Google Groups no longer supports new Usenet posts or subscriptions. Historical content remains viewable.
Dismiss

select a variable as stdout and utf8 flag behaviour

6 views
Skip to first unread message

Gert Brinkmann

unread,
Nov 9, 2016, 10:00:02 AM11/9/16
to perl-u...@perl.org
Hello,

I have the following example code:

-----------------------------------------------------
use strict;
use utf8;
use Encode;
use FileHandle;

binmode STDOUT, ":utf8";

my $html = '';

#-- open filehandle to write into the $html variable as utf8
open(my $fh, '>:encoding(UTF-8)', \$html);
my $orig_stdout = select( $fh );


print "Ümläut Test ßaß; 使用下列语言\n";


select( $orig_stdout );
$fh->close();

#You need to activate this line to make utf8 output correct
#Encode::_utf8_on($html);

print $html;
-----------------------------------------------------


This prints out the utf8 characters corrupted. You have to flag the
Variable after writing into it with Encode::_utf8_on() as utf8 to make
it work correctly. (So activate the commented line.)

Using this _utf8_on() usually means that I am doing something wrong. Is
there a better way to achieve the correct behaviour?


Btw. there was a change in the behaviour between perl v5.14.2 and
v5.20.2: In older perl versions you could do a

my $html = '';
Encode::_utf8_on($html);

before opening the file handle onto this variable. In newer perl
versions the utf8 flag is reset on open() and print() to the variable's
file handle.

Greetings
Gert

pa...@cpan.org

unread,
Nov 9, 2016, 10:30:02 AM11/9/16
to Gert Brinkmann, perl-u...@perl.org
On Wednesday 09 November 2016 15:55:47 Gert Brinkmann wrote:
> Hello,
>
...
>
> This prints out the utf8 characters corrupted. You have to flag the
> Variable after writing into it with Encode::_utf8_on() as utf8 to make
> it work correctly. (So activate the commented line.)
>
> Using this _utf8_on() usually means that I am doing something wrong.

Yes, that is truth! You should never use _utf8_on/_utf8_off/is_utf8
functions! They are here *only* for dealing with buggy XS modules. Not
for pure perl code... In pure perl code you must *not* care about UTF8
flag.

> Is there a better way to achieve the correct behaviour?

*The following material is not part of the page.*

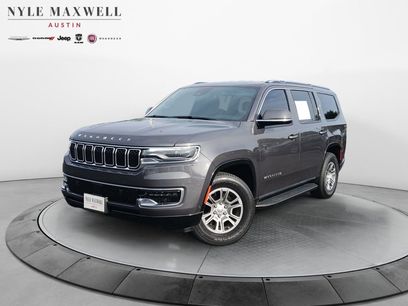 Used 2022 Jeep Wagoneer Series I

Of course! When you think that you need to use Encode::_utf8_on() then
use utf8::decode() instead (or Encode::decode('UTF-8', ...)). Similarly
utf8::encode (or Encode::encode('UTF-8, ...)) instead of
Encode::_utf8_off().

> Btw. there was a change in the behaviour between perl v5.14.2 and
> v5.20.2: In older perl versions you could do a
>
> my $html = '';
> Encode::_utf8_on($html);
>
> before opening the file handle onto this variable. In newer perl
> versions the utf8 flag is reset on open() and print() to the variable's
> file handle.

UTF8 flag just indicate if internal encoding of perl scalar is Latin1 or
UTF8. But it is internal any Latin1 string can be represented either in
Latin1 (without UTF8 flag) or in UTF-8 (with UTF8 flag). You should not
care about internal representation in pure perl code. Any perl function
at any time can convert scalar between these two encoding if it is
possible (for ASCII and Latin1 charsets).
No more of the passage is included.